Title

Exercise 1 - Guesstimating Beta values for Logistic Regression

Description

The goal of the exercise is to produce a plot similar to the one given below, by guesstimating the values of the coefficient estimates for $\beta_0$ and $\beta_1$.

Instructions:

We are trying to predict who will claim insurance as a function of age using the data. To do so we need :

  • Read the insurance_claim.csv as a dataframe.
  • Assign the predictor and response variables.
  • Guesstimate the values of the coefficients $\hat{\beta}_0$ and $\hat{\beta}_1$.
  • Predict the response variable using the formula of a simple logistic regression given below (no package allowed)
  • Compute the accuracy of the model.
  • Repeat the above steps by changing the values of the coefficients $\hat{\beta}_0$ and $\hat{\beta}_1$, until you get "good" accuracy.
  • Plot the Insurance Claim vs.
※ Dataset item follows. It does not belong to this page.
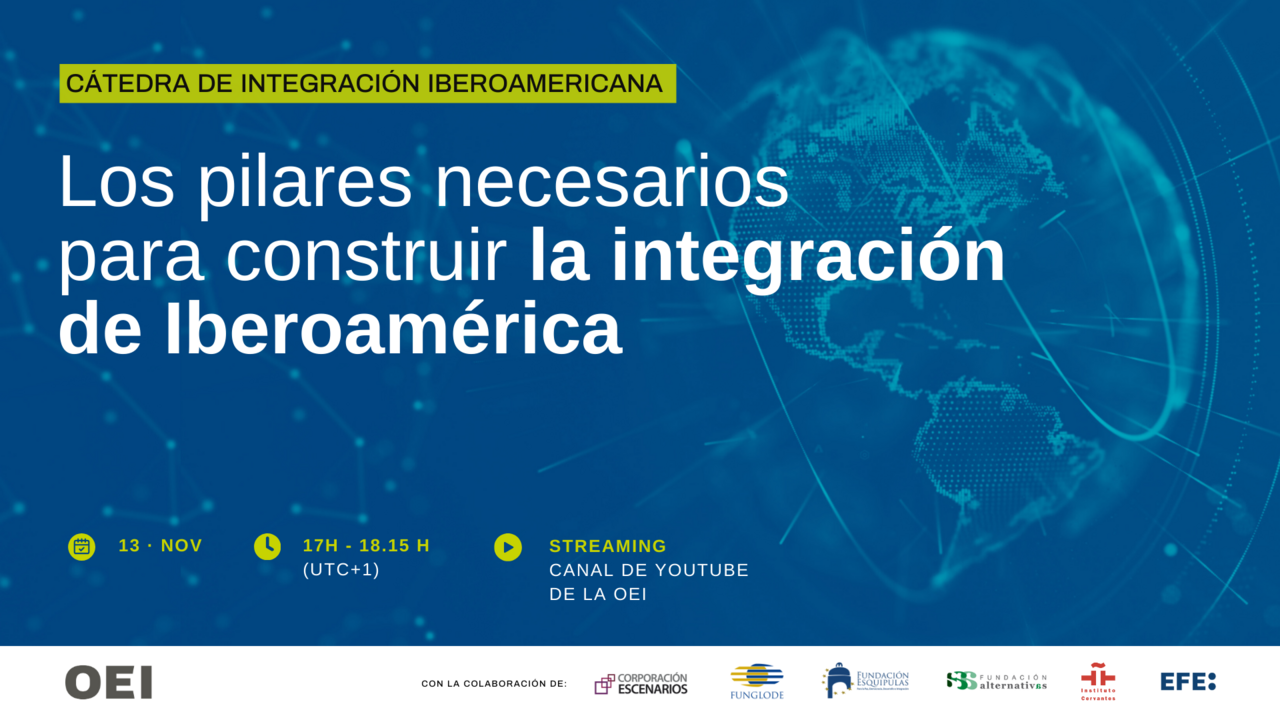 Cátedra de Integración Iberoamericana: “Los pilares necesarios para construir la integración de Iberoamérica”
Age graph with the fit of the model.

Hints:

  • Logistic Regression equation:
$$P\left(Y=1\right)=\frac{1}{1+e^{-\left(\beta_{0\ }+\beta_1X\right)}}$$

plt.plot() : Plots x versus y as lines and/or markers

sklearn.accuracy_score() : Accuracy classification score

plt.xticks() : Get or set the current tick locations and labels of the x-axis.

plt.yticks() : Get or set the current tick locations and labels of the y-axis.
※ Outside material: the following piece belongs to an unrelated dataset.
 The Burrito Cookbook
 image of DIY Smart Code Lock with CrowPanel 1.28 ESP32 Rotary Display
plt.xlabel() : Set the label for the x-axis.

plt.ylabel() : Set the label for the y-axis.

Note: This exercise is auto-graded and you can try multiple attempts.

In [1]:
# import important libraries

%matplotlib inline
import numpy as np
import pandas as pd
from math import exp
import matplotlib.pyplot as plt
from sklearn.preprocessing import normalize
from sklearn.metrics import accuracy_score
In [2]:
# Make a dataframe of the file "insurance_claim.csv"

data_filename = 'insurance_claim.csv'
df = pd.read_csv(data_filename)
In [ ]:
# Take a quick look of the data, notice that the response variable is binary

df.head()
In [3]:
# Assign age as the predictor variable using double brackets
x = df[[___]]

# Assign insuranceclaim as the response variable
y = df[___]
In [ ]:
# Make a plot of the response (insuranceclaim) vs the predictor (age)
plt.plot(___,___,'o', markersize=7,color="#011DAD",label="Data")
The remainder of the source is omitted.